Filsafat pendidikan harus mampu memberikan pedoman
kepada para perencana pendidikan, dan orang-orang yang bekerja dalam bidang
pendidikan. Hal tersebut akan mewarnai perbuatan mereka secara arif dan bijak,
menghubungkan usaha-usaha pendidikannya dengan falsafah umum, falsafah bangsa
dan negaranya. Pemahaman akan filsafat pendidikan akan menjauhkan mereka dari
perbuatan meraba-raba, mencoba-coba tanpa rencana dalam menyelesaikan
masalah-masalah pendidikan.
Filsafat pendidikan juga secara vital berhubungan
dengan pengembangan semua aspek pengajaran. Dengan menempatkan filsafat
pendidikan pada tataran praktis, para guru dapat menemukan berbagai pemecahan
pada banyak permasalahan pendidikan. Lima tujuan filsafat pendidikan dapat
mengklarifikasi bagaimana dapat berkontribusi pada pemecahan-pemecahan
tersebut:
a. Filsafat
pendidikan terkait dengan peletakan suatu perencanaan, apa yang dianggap
sebagai pendidikan terbaik secara mutlak.
b. Filsafat
pendidikan berusaha memberikan arah dengan merujuk pada macam pendidikan yang
terbaik dalam suatu konteks politik, sosial, dan ekonomi.
c. Filsafat
pendidikan dipenuhi dengankoreksi pelanggaran-pelanggaran prinsip dan kebijakan
pendidikan.
d. Filsafat
pendidikan memusatkan perhatian pada isu-isu dalam kebijakan dan praktek
pendidikan yang mensyaratkan resolusi, baik dengan penelitian empiris ataupun
pemeriksaan ulang rasional.
e. Filsafat
pendidikan melaksanakan suatu inkuiri dalam keseluruhan urusan pendidikan
dengan suatu pandangan terhadap penilaian, pembenaran, dan pembaharuan
sekumpulan pengalaman yang penting untuk pembelajaran.

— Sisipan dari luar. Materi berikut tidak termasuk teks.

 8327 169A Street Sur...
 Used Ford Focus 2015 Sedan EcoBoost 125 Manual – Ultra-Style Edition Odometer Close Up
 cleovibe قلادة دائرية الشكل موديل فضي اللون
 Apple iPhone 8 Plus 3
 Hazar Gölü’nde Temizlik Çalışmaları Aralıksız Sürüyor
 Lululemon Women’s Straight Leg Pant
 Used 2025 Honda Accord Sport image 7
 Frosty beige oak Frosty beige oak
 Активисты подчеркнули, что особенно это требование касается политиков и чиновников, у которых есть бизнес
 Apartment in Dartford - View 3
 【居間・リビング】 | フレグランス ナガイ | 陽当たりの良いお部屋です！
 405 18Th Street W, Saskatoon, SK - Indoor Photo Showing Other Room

Terdapat suatu hubungan yang kuat antara perilaku
seorang guru dengan keyakinannya mengenai pengajaran dan pembelajaran, siswa,
pengetahuan, dan apa yang bermanfaat untuk diketahui. Terlepas di mana
seseorang berdiri berkenaan dengan kelima dimensi pengajaran tersebut, guru
harus tahu perlunya merefleksikan secara berkelanjutan pada apa yang ia sangat
yakini dan kenapa ia meyakininya.Dari uraian di atas terlihat bahwa peranan
guru yang strategis, karena di tangannya terletak nasib generasi penerus,
mengharuskan para guru memahami hakikat nilai, etika, estetika, sains, teologi,
alam (kosmos), pendidikan, dan hakikat anak didik. Pemahaman terhadap lapangan filsafat
memberikan panduan dan dapat menumbuhkan keyakinan terhadap misi pendidikan
yang diembannya sehingga tercipta perilaku mengajar yang lebih bermakna dan
lebih bermanfaat bagi peserta didik.